ABOUT THIS TASK. Among the records below, which lines contain the string "cake"? Report them.

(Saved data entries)
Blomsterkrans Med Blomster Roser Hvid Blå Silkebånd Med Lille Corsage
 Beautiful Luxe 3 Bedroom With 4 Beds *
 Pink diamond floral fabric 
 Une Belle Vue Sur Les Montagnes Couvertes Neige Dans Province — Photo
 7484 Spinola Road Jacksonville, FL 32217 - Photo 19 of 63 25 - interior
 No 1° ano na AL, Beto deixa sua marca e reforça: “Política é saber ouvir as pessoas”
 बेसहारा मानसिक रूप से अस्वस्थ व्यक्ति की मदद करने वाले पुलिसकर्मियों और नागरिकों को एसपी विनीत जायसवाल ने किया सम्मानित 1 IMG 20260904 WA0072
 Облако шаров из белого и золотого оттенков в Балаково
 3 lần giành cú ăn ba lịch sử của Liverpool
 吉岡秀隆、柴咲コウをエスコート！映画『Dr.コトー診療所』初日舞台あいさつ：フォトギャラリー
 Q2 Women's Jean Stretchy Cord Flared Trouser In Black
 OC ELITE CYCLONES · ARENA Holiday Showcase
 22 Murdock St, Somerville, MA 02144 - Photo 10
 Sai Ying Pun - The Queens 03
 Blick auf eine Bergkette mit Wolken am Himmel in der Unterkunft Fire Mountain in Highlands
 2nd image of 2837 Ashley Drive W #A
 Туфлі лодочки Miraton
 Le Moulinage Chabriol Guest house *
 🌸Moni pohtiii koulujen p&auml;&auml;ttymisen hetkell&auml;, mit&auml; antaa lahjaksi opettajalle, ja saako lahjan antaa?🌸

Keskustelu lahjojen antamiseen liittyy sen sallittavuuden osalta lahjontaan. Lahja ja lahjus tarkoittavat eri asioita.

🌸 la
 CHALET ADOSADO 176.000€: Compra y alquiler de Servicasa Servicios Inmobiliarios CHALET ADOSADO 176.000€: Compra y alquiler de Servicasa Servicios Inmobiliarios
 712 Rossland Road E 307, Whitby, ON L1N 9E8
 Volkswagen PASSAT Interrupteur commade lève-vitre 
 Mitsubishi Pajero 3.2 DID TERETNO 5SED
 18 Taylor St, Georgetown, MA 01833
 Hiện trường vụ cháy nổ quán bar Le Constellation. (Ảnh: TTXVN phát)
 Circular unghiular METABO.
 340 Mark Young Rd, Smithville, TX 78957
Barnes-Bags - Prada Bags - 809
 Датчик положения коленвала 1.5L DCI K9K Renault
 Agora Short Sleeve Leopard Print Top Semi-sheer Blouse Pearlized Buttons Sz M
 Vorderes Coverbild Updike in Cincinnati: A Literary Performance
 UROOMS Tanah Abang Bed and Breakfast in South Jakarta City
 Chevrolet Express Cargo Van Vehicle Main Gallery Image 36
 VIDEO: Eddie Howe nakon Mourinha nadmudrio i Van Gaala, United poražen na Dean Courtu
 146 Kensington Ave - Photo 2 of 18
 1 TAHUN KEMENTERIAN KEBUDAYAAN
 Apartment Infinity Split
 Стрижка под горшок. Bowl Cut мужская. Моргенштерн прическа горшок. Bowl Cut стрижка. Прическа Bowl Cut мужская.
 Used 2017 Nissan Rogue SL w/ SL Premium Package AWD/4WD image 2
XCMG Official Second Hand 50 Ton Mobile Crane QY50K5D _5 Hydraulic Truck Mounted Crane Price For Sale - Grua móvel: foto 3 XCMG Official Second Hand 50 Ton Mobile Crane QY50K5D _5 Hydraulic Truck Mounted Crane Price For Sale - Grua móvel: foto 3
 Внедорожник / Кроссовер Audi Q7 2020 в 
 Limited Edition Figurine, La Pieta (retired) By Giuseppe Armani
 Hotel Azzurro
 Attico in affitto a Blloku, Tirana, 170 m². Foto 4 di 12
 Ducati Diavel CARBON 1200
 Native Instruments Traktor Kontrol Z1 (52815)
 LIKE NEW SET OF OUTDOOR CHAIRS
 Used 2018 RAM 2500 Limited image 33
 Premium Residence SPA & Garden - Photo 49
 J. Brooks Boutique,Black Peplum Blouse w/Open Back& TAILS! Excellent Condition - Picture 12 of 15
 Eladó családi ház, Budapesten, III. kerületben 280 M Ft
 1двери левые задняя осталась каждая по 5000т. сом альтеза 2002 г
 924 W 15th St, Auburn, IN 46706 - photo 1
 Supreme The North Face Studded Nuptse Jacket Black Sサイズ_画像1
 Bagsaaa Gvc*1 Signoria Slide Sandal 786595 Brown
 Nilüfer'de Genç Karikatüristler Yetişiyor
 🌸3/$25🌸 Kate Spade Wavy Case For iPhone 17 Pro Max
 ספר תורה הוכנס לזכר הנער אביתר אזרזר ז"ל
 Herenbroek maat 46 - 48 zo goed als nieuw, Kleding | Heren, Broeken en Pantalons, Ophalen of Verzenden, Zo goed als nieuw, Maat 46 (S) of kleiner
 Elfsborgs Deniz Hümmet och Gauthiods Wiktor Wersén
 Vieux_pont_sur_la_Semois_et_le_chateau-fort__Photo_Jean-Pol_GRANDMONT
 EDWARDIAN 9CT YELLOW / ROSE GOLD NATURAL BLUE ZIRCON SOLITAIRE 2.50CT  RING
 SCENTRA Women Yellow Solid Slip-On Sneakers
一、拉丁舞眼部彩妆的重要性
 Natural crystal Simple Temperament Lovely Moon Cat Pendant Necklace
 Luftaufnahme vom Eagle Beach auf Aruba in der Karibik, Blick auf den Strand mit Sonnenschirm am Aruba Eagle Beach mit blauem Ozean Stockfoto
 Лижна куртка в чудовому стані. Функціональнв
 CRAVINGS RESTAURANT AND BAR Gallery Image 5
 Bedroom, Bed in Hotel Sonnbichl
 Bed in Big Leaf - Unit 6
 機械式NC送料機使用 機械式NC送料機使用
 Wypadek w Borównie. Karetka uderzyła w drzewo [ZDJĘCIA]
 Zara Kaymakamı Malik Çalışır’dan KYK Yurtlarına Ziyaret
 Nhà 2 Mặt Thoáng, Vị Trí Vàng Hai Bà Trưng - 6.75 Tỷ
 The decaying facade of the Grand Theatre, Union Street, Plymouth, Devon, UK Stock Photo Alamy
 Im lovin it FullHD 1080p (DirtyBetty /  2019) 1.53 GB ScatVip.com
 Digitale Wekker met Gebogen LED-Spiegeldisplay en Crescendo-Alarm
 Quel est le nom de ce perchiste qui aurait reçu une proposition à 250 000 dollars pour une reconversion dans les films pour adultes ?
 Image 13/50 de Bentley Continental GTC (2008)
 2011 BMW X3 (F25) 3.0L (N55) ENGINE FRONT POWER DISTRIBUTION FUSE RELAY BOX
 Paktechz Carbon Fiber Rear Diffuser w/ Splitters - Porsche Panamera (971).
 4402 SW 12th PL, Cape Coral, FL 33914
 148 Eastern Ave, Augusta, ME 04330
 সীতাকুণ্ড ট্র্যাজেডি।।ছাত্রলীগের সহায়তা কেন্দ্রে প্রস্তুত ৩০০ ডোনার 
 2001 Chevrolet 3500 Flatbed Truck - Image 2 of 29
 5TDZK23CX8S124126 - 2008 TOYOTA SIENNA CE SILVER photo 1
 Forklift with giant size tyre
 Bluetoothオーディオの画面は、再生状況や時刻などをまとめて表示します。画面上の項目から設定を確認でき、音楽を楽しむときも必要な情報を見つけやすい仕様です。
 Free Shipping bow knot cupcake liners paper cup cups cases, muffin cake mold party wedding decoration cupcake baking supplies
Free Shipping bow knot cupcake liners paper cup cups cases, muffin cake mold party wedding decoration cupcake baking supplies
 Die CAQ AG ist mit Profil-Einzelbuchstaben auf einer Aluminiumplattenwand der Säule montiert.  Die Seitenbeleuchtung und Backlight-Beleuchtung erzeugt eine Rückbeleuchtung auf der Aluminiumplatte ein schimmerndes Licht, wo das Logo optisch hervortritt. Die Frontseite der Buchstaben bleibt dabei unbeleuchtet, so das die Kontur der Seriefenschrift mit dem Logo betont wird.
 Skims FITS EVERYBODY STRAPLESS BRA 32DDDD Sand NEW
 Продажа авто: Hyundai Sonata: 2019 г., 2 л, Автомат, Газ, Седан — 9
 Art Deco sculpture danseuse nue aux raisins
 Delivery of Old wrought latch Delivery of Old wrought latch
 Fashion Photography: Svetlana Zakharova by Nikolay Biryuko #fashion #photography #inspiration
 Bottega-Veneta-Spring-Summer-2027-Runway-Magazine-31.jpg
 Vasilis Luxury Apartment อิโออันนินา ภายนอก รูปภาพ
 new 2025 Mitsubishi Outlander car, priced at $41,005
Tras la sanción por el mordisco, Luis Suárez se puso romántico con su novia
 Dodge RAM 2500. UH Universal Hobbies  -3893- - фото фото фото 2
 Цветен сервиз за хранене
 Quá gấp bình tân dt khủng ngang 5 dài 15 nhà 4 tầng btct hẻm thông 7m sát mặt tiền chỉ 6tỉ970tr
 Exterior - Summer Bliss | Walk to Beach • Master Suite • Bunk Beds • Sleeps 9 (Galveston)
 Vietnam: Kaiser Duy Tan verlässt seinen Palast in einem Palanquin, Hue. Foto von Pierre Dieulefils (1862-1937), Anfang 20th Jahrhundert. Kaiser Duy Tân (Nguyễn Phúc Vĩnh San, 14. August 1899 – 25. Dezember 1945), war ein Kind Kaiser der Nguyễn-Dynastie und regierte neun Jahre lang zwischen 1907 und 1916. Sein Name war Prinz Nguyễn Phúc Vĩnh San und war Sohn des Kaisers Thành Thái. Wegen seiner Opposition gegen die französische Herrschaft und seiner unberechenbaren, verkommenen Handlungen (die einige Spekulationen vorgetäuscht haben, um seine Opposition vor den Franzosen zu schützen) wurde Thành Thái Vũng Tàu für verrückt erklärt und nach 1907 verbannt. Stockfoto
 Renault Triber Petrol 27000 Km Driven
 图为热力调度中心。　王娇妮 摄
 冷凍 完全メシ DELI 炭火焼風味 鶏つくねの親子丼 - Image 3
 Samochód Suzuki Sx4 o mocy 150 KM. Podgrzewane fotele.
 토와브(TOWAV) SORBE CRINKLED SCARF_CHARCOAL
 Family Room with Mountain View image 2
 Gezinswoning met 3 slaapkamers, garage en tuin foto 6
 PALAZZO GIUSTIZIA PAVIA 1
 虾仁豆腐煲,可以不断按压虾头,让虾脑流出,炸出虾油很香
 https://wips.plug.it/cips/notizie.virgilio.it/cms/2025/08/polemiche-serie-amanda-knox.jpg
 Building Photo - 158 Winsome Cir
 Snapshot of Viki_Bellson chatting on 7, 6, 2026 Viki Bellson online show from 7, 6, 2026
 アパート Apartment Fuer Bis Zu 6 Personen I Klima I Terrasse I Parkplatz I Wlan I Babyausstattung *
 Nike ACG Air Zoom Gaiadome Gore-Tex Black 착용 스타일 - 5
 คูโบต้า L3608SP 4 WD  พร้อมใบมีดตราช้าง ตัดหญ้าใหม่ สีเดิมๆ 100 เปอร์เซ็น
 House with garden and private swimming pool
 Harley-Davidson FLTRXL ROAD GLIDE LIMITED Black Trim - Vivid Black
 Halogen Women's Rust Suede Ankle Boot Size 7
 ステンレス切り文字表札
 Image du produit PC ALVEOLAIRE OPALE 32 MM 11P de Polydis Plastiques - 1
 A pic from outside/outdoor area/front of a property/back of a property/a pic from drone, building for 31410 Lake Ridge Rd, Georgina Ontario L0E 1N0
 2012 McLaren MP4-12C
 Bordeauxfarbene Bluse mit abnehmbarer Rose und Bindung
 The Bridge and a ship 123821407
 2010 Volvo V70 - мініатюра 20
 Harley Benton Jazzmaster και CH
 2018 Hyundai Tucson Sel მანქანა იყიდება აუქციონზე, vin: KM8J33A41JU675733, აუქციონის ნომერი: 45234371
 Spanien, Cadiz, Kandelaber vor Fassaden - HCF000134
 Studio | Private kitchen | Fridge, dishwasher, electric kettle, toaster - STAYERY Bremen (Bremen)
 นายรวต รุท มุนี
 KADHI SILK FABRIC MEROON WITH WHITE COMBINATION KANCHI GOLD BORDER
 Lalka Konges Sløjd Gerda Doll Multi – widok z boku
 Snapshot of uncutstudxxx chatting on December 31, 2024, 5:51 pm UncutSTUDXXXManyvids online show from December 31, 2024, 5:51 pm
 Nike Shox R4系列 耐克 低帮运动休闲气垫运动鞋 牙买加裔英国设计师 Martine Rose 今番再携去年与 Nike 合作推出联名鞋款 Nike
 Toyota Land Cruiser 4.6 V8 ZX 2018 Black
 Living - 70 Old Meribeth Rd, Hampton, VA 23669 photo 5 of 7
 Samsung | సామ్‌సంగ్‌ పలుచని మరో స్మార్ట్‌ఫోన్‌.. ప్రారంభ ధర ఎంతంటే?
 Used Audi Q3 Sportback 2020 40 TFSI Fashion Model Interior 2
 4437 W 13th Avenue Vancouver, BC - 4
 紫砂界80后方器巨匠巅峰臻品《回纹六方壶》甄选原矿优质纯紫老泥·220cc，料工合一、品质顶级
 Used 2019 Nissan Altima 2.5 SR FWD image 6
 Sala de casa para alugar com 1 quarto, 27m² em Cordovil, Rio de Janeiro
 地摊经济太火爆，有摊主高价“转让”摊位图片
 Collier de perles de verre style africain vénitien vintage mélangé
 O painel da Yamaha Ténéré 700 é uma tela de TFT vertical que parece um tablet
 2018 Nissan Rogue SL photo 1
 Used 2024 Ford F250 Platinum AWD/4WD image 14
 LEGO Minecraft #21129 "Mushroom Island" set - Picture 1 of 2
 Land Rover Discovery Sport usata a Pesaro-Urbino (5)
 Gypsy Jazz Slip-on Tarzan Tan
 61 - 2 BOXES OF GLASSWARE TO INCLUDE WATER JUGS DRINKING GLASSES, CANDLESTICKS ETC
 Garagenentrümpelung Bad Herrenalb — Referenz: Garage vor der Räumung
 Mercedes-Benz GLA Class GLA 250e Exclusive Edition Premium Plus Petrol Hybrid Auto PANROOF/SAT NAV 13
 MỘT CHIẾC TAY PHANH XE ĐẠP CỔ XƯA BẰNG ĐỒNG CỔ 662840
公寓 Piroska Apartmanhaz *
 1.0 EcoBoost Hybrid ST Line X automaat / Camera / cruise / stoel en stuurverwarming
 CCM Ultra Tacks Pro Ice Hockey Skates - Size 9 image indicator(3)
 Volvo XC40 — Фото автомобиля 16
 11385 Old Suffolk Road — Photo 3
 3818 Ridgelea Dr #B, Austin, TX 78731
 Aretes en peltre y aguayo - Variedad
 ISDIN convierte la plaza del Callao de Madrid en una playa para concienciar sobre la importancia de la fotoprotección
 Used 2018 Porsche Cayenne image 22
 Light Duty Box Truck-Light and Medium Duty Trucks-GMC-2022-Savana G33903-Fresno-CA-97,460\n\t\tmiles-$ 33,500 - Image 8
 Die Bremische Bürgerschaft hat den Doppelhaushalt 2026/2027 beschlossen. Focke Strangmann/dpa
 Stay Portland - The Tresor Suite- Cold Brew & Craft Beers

RESULT FOR THIS EXERCISE.
 Free Shipping bow knot cupcake liners paper cup cups cases, muffin cake mold party wedding decoration cupcake baking supplies
Free Shipping bow knot cupcake liners paper cup cups cases, muffin cake mold party wedding decoration cupcake baking supplies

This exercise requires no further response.